I understand that in the theory synapses can become stronger as they learn to recognise the same pattern, which hints at scalar values being a more accurate model, but this question is more about whether in practice the extra resolution of a scalar value matters.

From an efficiency perspective a binary permanence array seems ideal, because the connections are then identified by simply ORing the input and permanence arrays for each column, rather than applying a threshold.

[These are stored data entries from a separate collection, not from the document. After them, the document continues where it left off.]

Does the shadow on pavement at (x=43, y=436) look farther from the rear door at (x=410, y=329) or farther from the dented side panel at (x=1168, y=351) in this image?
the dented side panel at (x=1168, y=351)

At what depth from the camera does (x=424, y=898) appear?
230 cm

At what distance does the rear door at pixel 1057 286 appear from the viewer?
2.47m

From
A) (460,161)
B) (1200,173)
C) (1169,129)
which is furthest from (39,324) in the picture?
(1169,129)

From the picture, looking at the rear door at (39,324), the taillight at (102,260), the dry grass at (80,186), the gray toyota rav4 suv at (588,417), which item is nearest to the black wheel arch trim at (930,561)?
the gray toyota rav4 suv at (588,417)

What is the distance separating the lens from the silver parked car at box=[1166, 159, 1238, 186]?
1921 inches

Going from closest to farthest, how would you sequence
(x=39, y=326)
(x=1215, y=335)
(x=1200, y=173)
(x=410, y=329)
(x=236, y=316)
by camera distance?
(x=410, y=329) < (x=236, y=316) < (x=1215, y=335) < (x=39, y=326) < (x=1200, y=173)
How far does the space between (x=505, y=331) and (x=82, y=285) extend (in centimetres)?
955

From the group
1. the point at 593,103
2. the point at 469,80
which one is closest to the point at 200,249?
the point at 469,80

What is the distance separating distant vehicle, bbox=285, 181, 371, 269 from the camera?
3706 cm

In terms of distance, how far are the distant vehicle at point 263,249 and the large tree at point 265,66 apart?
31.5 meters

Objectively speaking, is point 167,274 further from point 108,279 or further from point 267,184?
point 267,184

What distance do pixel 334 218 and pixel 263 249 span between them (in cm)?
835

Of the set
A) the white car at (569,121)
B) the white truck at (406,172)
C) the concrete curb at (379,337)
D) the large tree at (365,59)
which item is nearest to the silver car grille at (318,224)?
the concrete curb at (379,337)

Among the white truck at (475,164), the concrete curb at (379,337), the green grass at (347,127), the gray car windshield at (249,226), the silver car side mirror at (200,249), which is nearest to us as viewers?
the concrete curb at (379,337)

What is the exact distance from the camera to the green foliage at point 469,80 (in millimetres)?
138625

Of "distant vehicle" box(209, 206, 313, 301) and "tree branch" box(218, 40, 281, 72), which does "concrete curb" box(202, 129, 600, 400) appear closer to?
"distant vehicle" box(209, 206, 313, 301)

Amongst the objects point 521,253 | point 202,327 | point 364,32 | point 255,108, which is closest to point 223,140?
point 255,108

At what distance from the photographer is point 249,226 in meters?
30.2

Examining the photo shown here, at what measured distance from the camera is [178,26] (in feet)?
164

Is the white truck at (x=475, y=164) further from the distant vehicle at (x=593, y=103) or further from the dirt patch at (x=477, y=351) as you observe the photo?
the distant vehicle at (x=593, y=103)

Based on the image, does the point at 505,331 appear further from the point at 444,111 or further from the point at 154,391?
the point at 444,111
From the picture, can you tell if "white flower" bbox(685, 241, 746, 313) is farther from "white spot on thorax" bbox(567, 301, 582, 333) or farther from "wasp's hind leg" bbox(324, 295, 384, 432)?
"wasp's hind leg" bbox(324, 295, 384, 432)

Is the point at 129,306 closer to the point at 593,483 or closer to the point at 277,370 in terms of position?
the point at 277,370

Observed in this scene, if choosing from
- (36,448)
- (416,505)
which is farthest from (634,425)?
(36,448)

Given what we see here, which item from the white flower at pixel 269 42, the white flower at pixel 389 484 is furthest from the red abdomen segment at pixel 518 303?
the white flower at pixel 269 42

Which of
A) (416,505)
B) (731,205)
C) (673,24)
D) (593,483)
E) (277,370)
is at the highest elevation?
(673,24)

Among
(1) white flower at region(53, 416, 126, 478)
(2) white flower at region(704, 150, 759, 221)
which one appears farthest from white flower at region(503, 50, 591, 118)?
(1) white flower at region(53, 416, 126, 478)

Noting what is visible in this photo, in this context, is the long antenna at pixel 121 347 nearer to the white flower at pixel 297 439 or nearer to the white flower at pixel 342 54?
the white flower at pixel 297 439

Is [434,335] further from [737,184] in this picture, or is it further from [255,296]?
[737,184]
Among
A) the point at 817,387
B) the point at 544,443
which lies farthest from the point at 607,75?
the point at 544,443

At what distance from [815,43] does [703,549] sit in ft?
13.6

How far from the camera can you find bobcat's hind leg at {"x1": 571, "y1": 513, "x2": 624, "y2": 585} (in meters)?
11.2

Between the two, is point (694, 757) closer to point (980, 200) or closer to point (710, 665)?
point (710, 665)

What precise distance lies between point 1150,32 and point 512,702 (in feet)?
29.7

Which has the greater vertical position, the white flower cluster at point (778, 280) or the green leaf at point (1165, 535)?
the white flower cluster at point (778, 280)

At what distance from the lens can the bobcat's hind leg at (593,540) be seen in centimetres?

From a learning perspective, when you use scalar values and increment/decrement permanence values you’re effectively connecting/disconnecting a small number of connections. If the permanences were binary, this could be modelled by flipping a certain number of bits from 0 to 1 or 1 to 0, yielding very similar behaviour (assuming random permanences, which in my understanding is how they are initialised). Rate of learning/forgetting is then controlled by how many new connections are formed to the input array and how many existing connections are lost.

A potential downside to binary permanences is that strong connections can potentially be destroyed too easily, since instead of decrementing when they don’t match the input (and most likely staying connected), they would instead have a chance to disconnect. However, to be in a situation where a strong connection could be lost the column would have to be receiving a very similar input to the one it had learnt, in which case you could argue that there’s not much harm in it losing a connection or two since this just constitutes some additional noise. This noise is fine if the input and permanence arrays are sparse, since we know SDRs have a high noise tolerance, and is also fine if the input and permanence arrays are coarse, since the number of lost connections is likely just a small percentage of the total.

Perhaps the best way to find out the answer is to test it, but as I’m relatively new to HTM I’d like to make sure I’m not missing some important concept before going down that potentially long road.

Thoughts much appreciated!

1 Like

(moved from #htm-hackers to #htm-theory)

I already tested it somehow, check this out : http://ifni.co/bbHTM.html

A potential problem that I would expect would be that rare inputs would have an equal weight for changing the memory as frequent inputs. This could lead to inputs which should be well trained and predictable being forgotten in a single time-step due to a novel input.

My sense is this is more likely to be a problem if used for synapses in temporal memory, versus those in the spatial pooler (reason being the “potential percent” concept, in which all the possible connections exist upon executing the system).

My very first test implementation of a spatial pooler actually operated this way (as a workaround for an unrelated bug) and it didn’t really create a problem (but note that all of the inputs I was using were semantically dissimilar, which of course matters in this case). Would need to run tests on semantically similar inputs to really get a feel for the impact of implementing it this way.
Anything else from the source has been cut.